Tuesday, Mar. 16, 2004 @ 8:31 pm

Spring has well and truly arrived.

Granted, here in Portugal it is rather hard to tell, at least by temperature alone. As far as I'm concerned, temperature-wise, it's Spring year-round, except when it's Summer. This is an odd thing for a northern girl like me: to know that Autumn has arrived only because (some) of the leaves on the trees have changed color and are starting to fall; to know that it's Winter only because it rains (a bit) more than usual; to know that Spring is here only because those trees that lost their leaves in the Fall are starting to show signs of replacing them.

The only other area that truly marks the passing of the seasons is the supermarket. Around here, what produce is available is highly dependent on what is in season. In general, I think this is a good thing. As we've all heard before, there is nothing to compare to fresh fruit and vegetables, grown locally, purchased and prepared in season. It is what food is supposed to taste like. Winter, for example, brings chestnuts and large bags of dried pine cones for the fireplace. Spring brings, among other goodies, strawberries. For the last couple of weeks, they've been selling them here and there, usually grown in Spain. They are gorgeous-- red and plump and worthy to grace the cover of your favorite glossy foodie magazine. They are also, sadly, completely tasteless. It will be a while before they taste like, well, strawberries. Even so, at other times of the year you won't see them at all-- not even the taste-free variety-- and that is fine by me. I saw some at the Jumbo, a great big vat of them that the person weighing the vegetables dishes up with a large metal scoop. (Usually, you select and your own fruit and veg, and bring it up to a counter in the produce department to be weighed and priced.) I didn't get any, yet-- although I will, I will, when the time is right-- but I thought about the other things that should be available soon. Asparagus. Baby vegetables. Fresh herbs.

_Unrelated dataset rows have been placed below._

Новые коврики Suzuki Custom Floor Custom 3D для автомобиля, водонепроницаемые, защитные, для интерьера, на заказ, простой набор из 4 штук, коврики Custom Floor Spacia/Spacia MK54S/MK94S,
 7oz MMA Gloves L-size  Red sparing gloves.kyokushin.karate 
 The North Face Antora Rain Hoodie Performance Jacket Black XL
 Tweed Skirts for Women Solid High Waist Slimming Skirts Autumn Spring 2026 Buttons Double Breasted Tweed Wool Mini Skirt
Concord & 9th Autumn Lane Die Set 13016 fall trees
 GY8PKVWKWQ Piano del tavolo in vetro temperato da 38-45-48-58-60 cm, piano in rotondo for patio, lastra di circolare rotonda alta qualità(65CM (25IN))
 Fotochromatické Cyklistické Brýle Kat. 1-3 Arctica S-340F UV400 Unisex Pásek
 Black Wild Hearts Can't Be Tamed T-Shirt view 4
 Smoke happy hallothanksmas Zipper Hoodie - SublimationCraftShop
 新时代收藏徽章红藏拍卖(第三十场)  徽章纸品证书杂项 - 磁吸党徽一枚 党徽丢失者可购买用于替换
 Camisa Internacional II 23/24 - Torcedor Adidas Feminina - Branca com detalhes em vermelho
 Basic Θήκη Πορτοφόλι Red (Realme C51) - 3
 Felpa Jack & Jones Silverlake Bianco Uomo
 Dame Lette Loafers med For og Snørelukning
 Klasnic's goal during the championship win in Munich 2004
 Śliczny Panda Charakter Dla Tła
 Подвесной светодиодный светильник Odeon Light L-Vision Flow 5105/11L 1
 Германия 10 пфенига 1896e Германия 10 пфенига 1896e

It's the herbs that are making me really excited. Big bunches of parsley and cilantro (coriander) are easy to come by year round. Fresh basil, sage, dill, chives? Much more tricky, especially the basil. This annoys me, as I consider herbs to be an important exception to the Seasonal Rule of Produce I've outlined above. Herbs are easy to grow indoors and in greenhouses. They really should not, to my mind, have a "season." And, dammit, I want my fresh basil.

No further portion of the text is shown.